■ The input
= Beginning of Section =

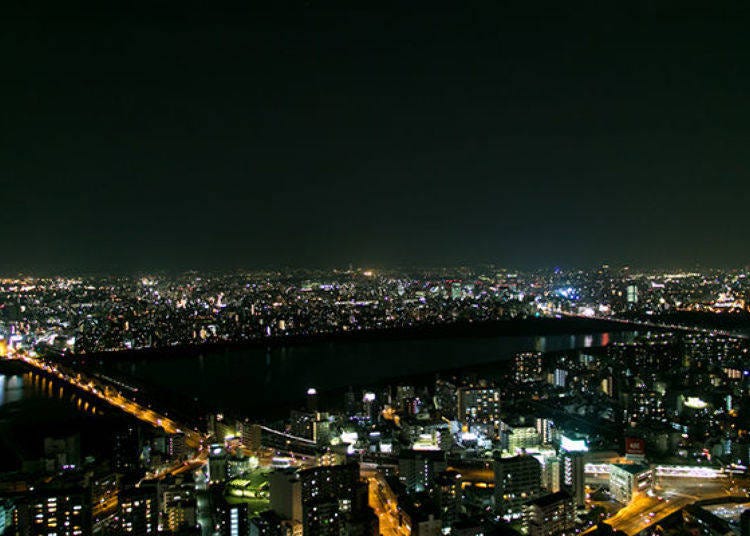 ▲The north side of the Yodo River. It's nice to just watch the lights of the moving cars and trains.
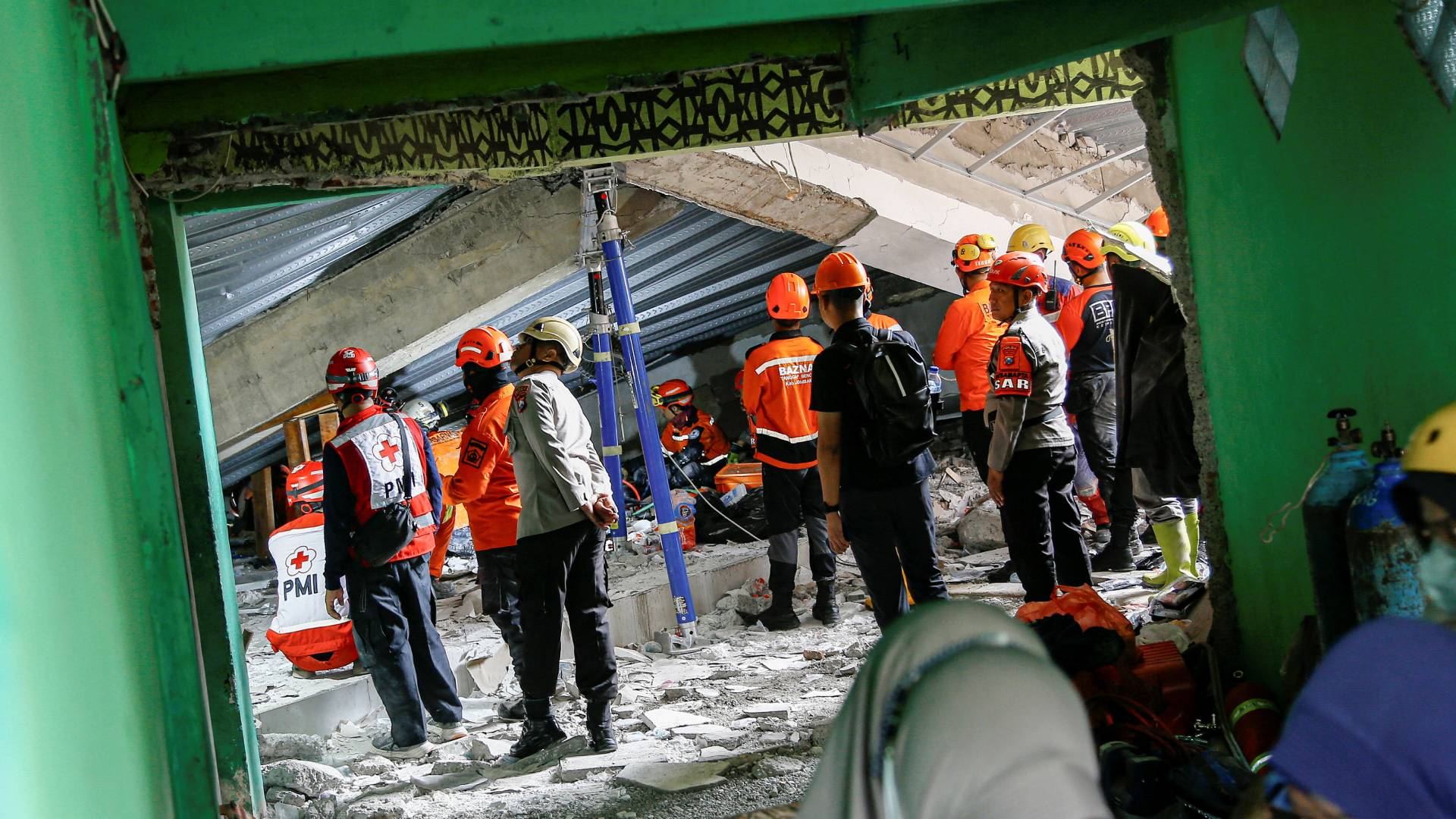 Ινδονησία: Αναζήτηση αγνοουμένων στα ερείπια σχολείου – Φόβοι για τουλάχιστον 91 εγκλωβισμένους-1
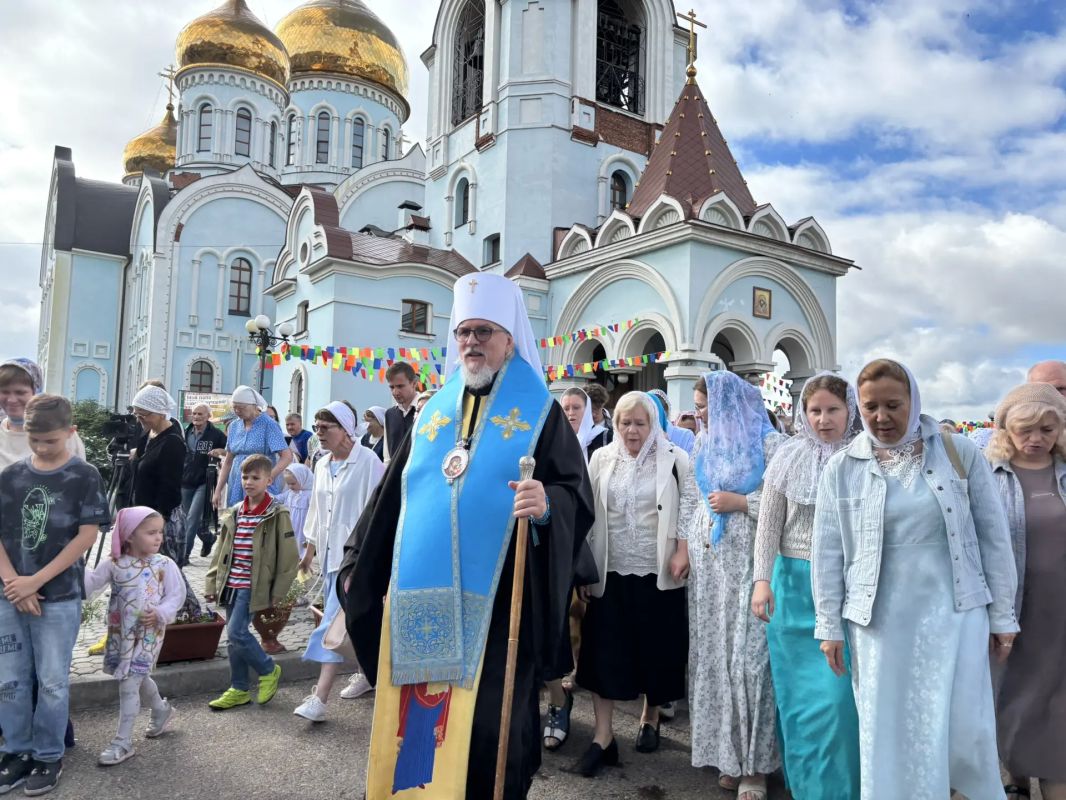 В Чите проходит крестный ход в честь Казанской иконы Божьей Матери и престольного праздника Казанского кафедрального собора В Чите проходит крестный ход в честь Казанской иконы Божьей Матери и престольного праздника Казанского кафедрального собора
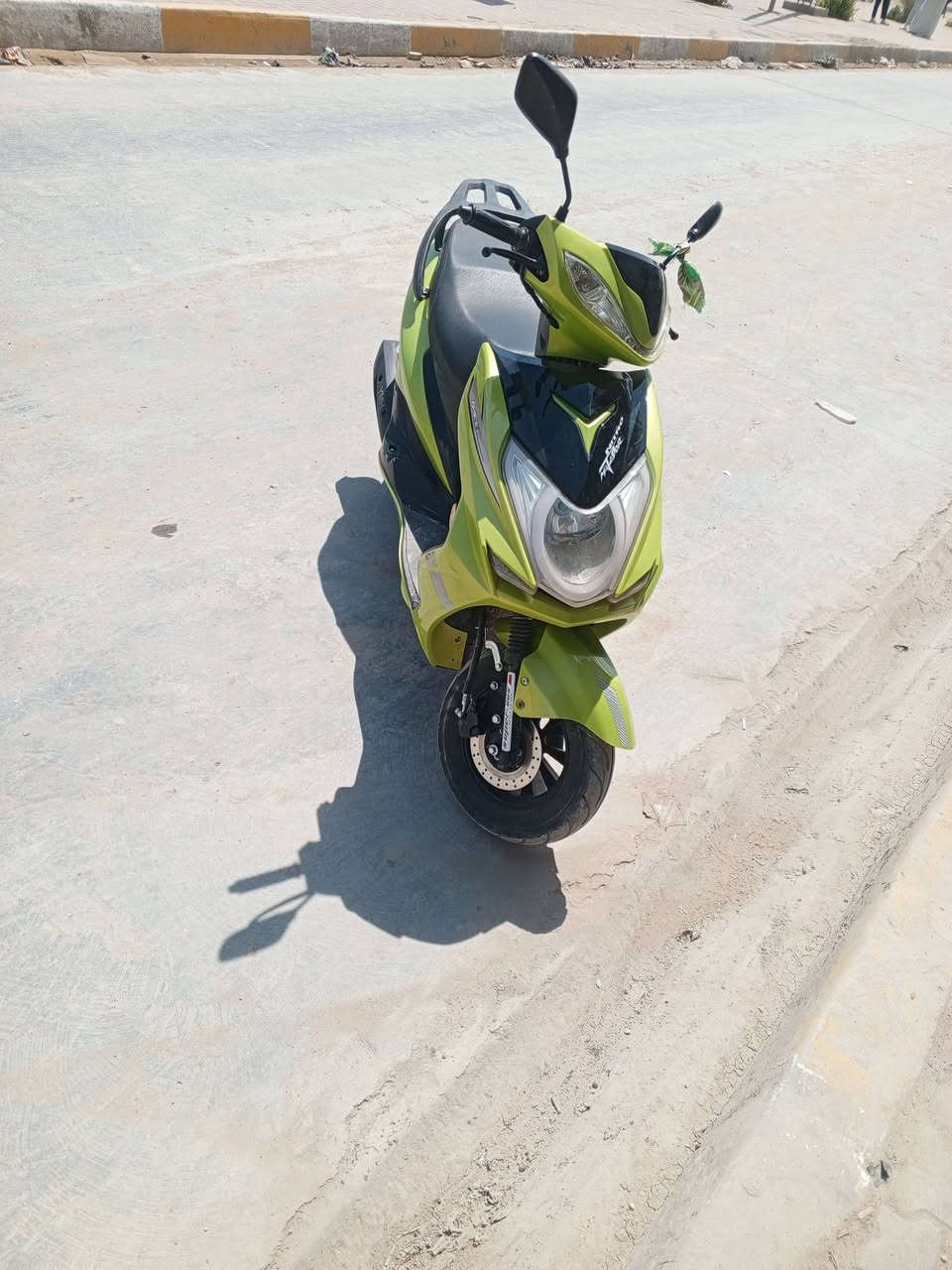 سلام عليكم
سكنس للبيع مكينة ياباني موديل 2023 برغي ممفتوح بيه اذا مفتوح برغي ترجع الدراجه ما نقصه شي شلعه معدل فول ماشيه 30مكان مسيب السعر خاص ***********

= End of Section =
= Beginning of Section =

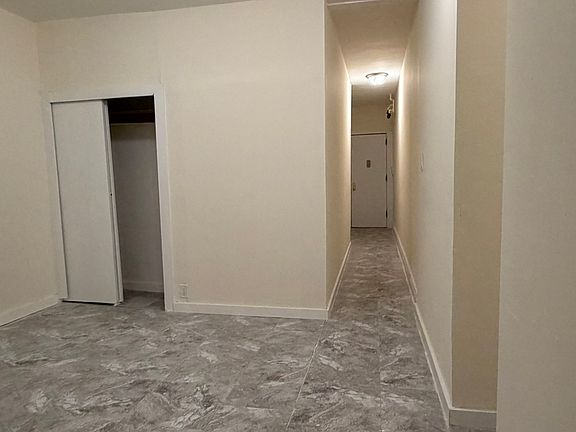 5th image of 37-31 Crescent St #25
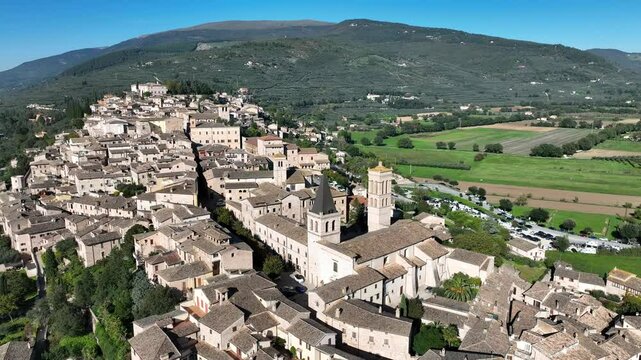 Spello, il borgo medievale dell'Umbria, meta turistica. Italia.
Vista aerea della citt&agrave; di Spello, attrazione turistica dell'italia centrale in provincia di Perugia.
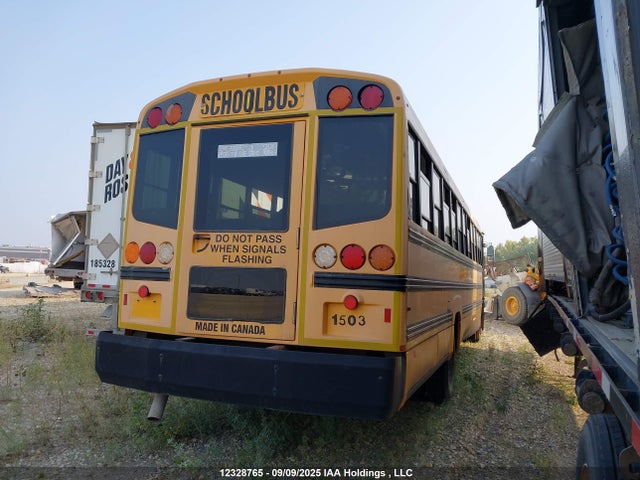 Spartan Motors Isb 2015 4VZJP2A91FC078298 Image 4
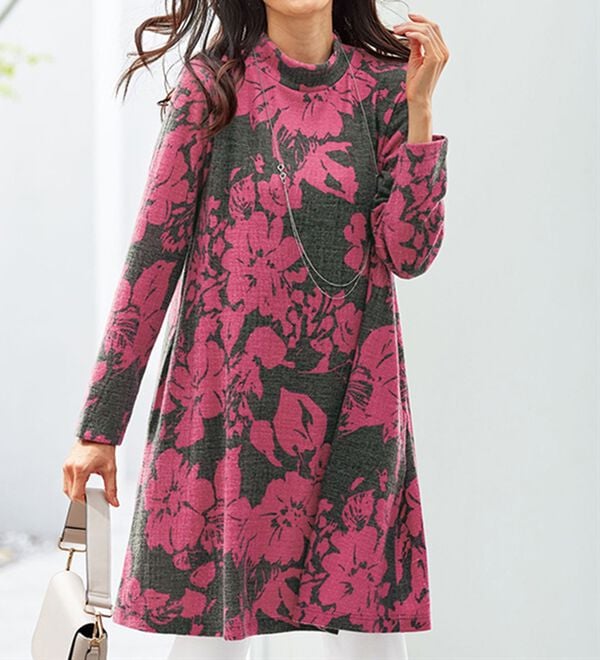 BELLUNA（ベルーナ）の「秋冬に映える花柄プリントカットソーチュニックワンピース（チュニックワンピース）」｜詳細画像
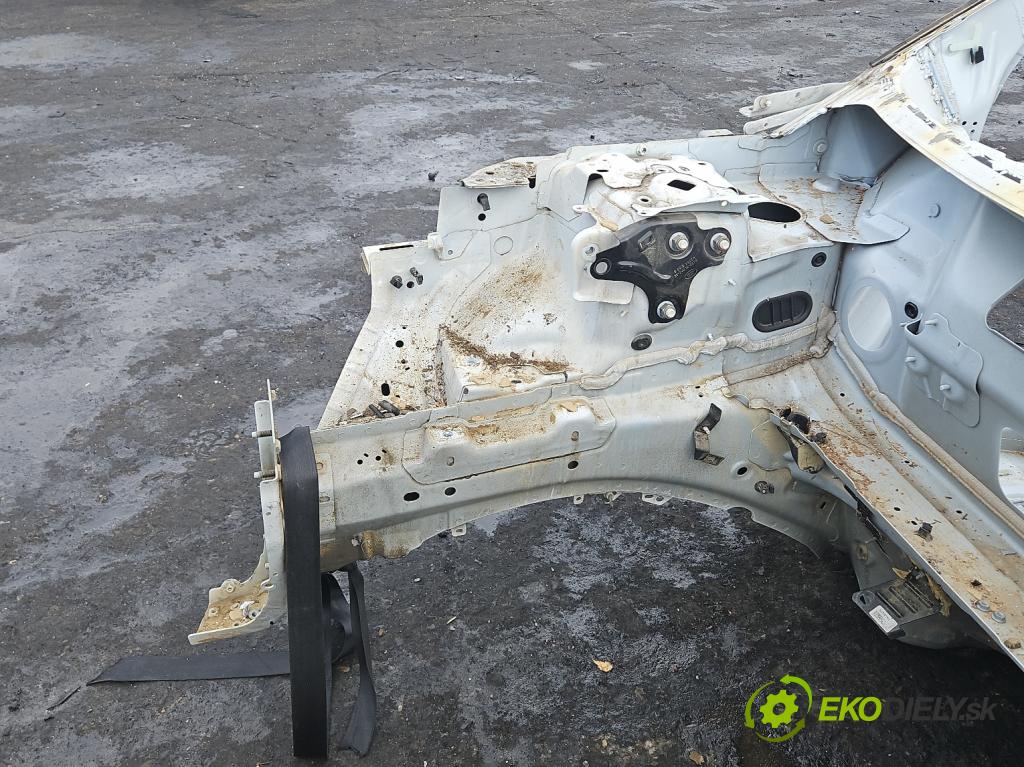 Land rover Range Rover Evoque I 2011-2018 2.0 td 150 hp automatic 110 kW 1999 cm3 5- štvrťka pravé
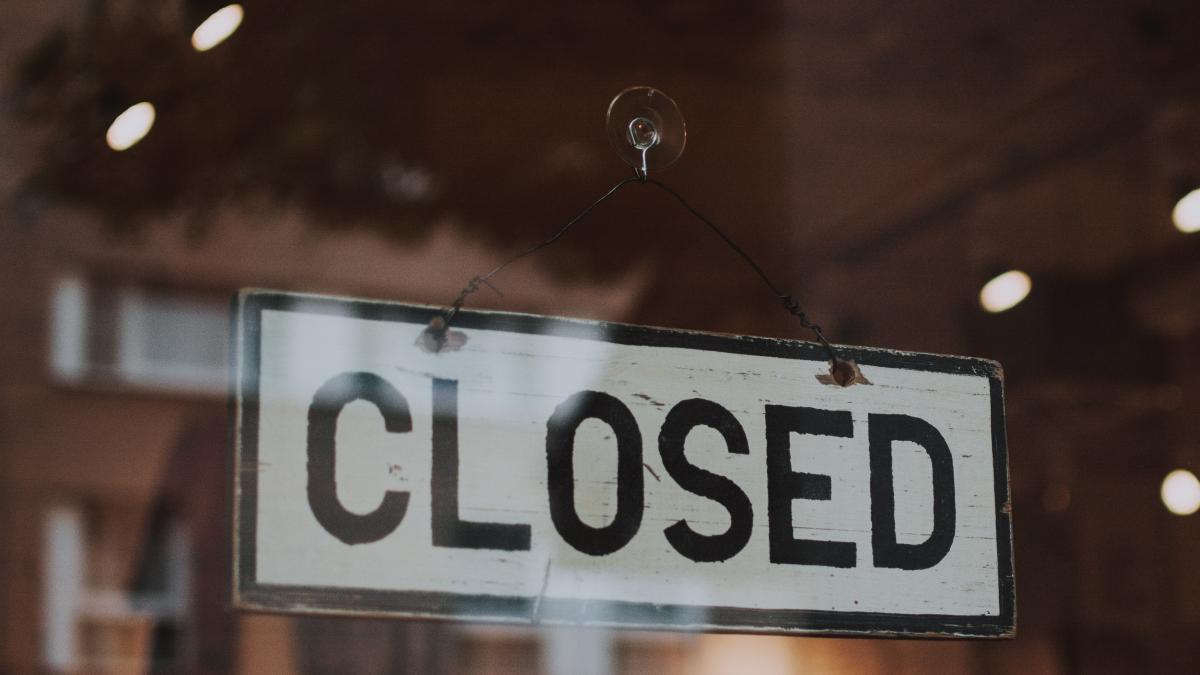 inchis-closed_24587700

= End of Section =
= Beginning of Section =

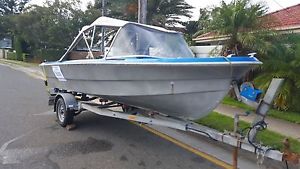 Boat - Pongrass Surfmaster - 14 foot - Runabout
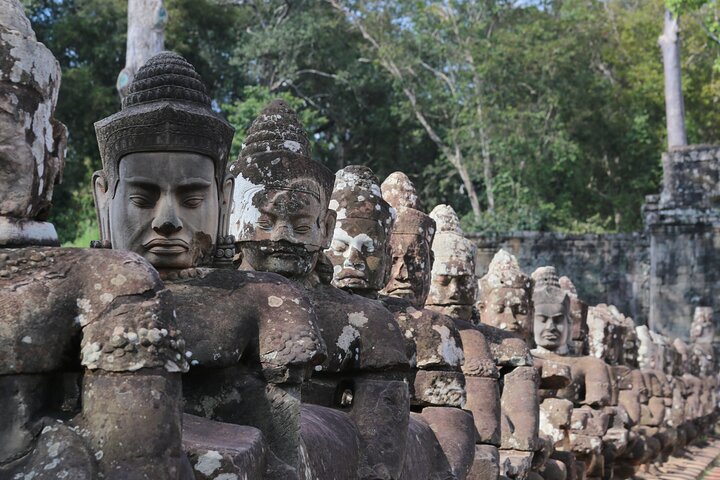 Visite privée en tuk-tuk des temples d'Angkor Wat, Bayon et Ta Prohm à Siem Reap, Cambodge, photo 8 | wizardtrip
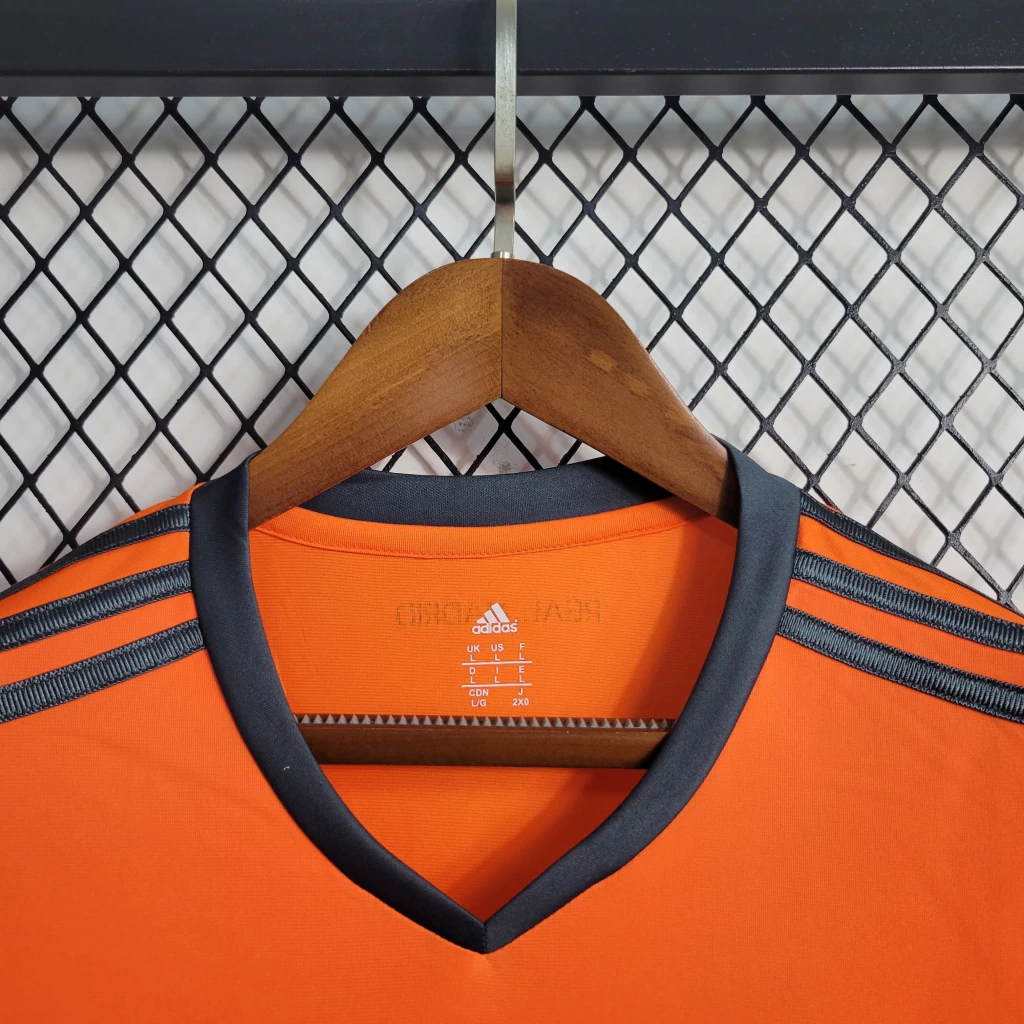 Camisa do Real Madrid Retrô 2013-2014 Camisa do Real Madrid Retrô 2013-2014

= End of Section =

■ What is expected
Copy everything above from the line holding "Visite privée en" down to the line holding "Camisa do Real Madrid Retrô 2013-2014 Camisa", both ends included, exactly as it stands and without the pictures.

■ Result for this task
 Visite privée en tuk-tuk des temples d'Angkor Wat, Bayon et Ta Prohm à Siem Reap, Cambodge, photo 8 | wizardtrip
 Camisa do Real Madrid Retrô 2013-2014 Camisa do Real Madrid Retrô 2013-2014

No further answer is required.